Would you retype, word for word, the line with "There's also a" and each line after it to the end of the entries below, leaving the pictures out?

Items listed in a dataset:
● ● ● ●

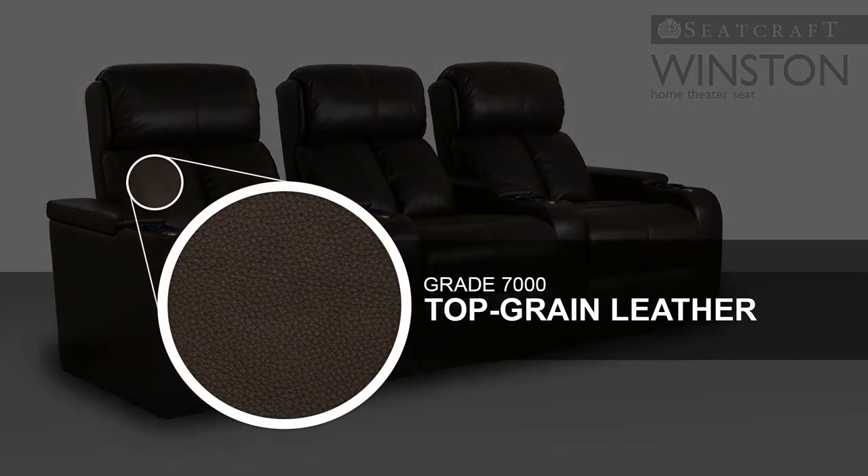Layback against grade 7,000 leather, a deluxe material chosen from the top third of all hides and then buffed to a smooth, polished perfection. This material is renowned for its rich texture and ability to conform to your body's natural shape over time.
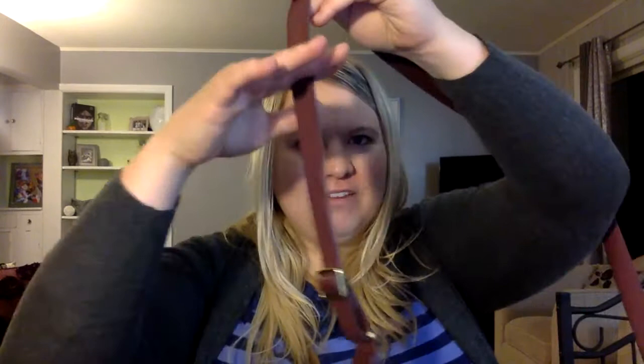Finding a good purse is really important because nothing will ruin a vacation more quickly than being pickpocketed. I have a small version and two large versions of this Fossil purse — it's leather. A couple of things are important when picking a purse: crossbody, because if it's just on your shoulder someone can just swipe it; and leather, because sometimes they'll come by and try to snip the strap, and it's going to be more difficult to snip through leather than just fabric.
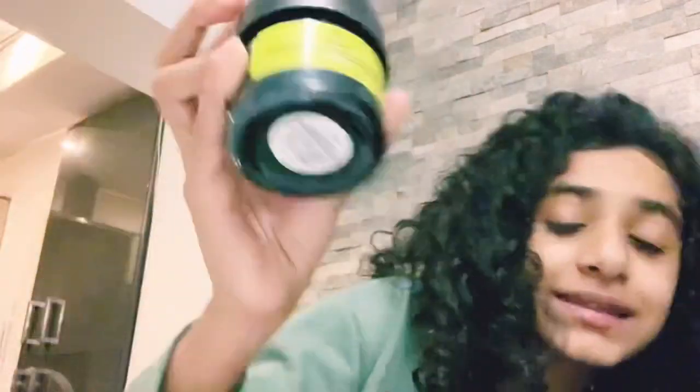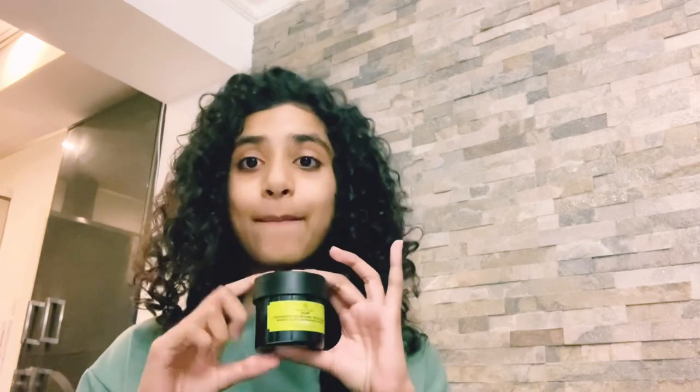Hey guys, welcome back to my channel. I'm Maya and in today's video I'm going to be doing a review on this Body Shop Hemp Overnight Nourishing Rescue Mask. I got this from Divine Beauty because it's 15% off. I did actually go to the actual Body Shop and spoke to the person who worked there and asked them if it was okay.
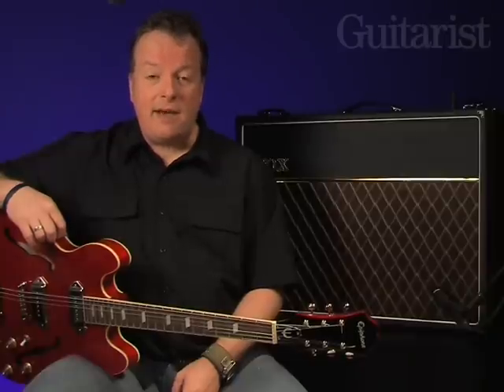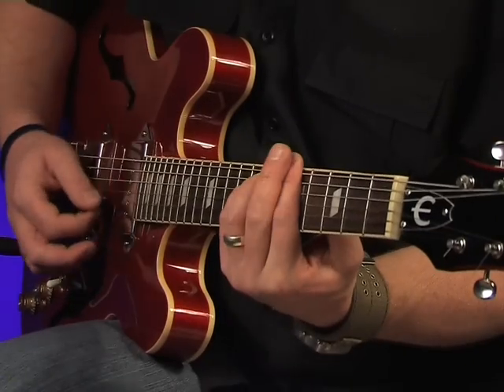There's also a very smart onboard tremolo that can be switched in and out with the optional foot switch. Here's a subtle setting with the speed set to around 7 and the depth to around 4.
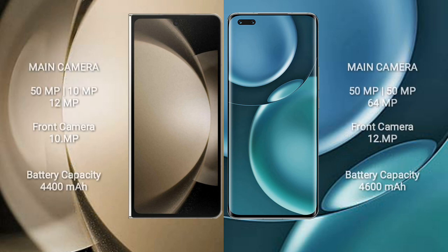Samsung Galaxy Z Fold 5 rear triple camera setup: 50MP + 10MP + 12MP, and front camera 10MP. Honor Magic 4 Pro rear triple camera setup: 50MP + 50MP + 64MP, and front camera 12MP.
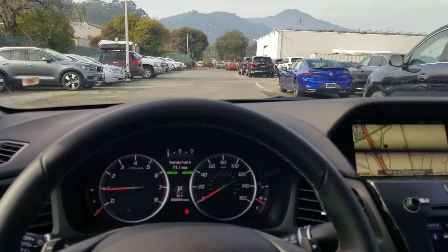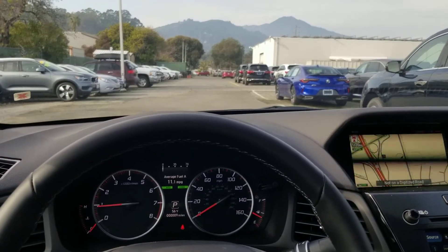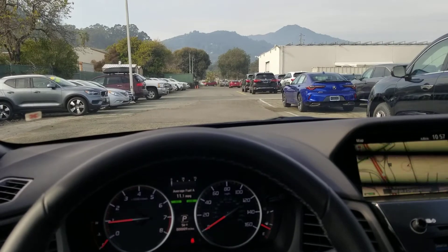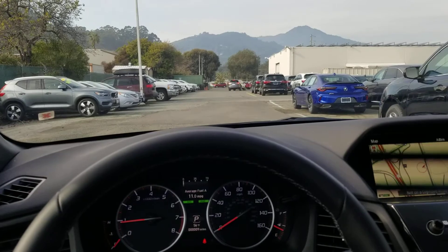Hello, my name is James and I am a product specialist at Marin Acura in Corte Madera, California. Today I'm going to show you how to turn off your forward collision mitigation system in a 2021 Acura ILX.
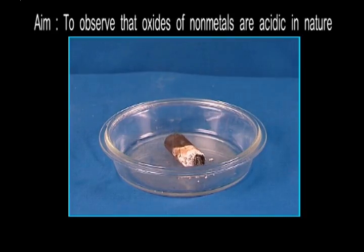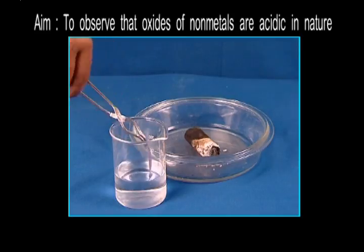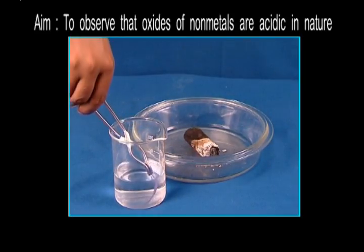Let's try this out with an activity. Here's a piece of burning charcoal. In this glass of water, we will wet the blue litmus paper. Watch our next step carefully.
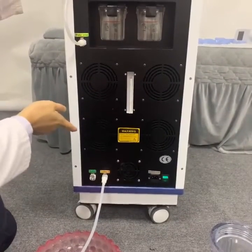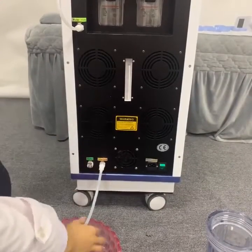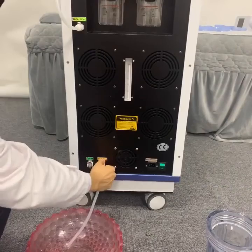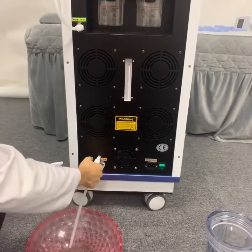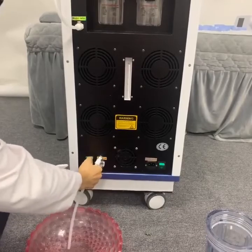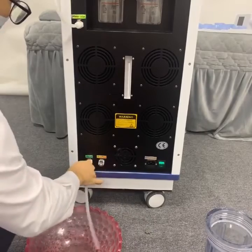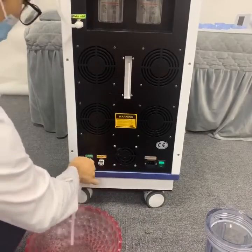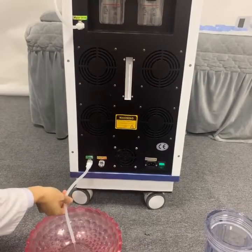When you don't want to use this machine anymore, we have to release the water inside. We have to use this tube and insert it to the water outlet hole — the same operation. Press the silver button and then insert the tube. Then the water will come out from the water outlet hole.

● ● ● ●

- **TASK RESULT**:
There's also a very smart onboard tremolo that can be switched in and out with the optional foot switch. Here's a subtle setting with the speed set to around 7 and the depth to around 4.
Samsung Galaxy Z Fold 5 rear triple camera setup: 50MP + 10MP + 12MP, and front camera 10MP. Honor Magic 4 Pro rear triple camera setup: 50MP + 50MP + 64MP, and front camera 12MP.
Hello, my name is James and I am a product specialist at Marin Acura in Corte Madera, California. Today I'm going to show you how to turn off your forward collision mitigation system in a 2021 Acura ILX.
Let's try this out with an activity. Here's a piece of burning charcoal. In this glass of water, we will wet the blue litmus paper. Watch our next step carefully.
When you don't want to use this machine anymore, we have to release the water inside. We have to use this tube and insert it to the water outlet hole — the same operation. Press the silver button and then insert the tube. Then the water will come out from the water outlet hole.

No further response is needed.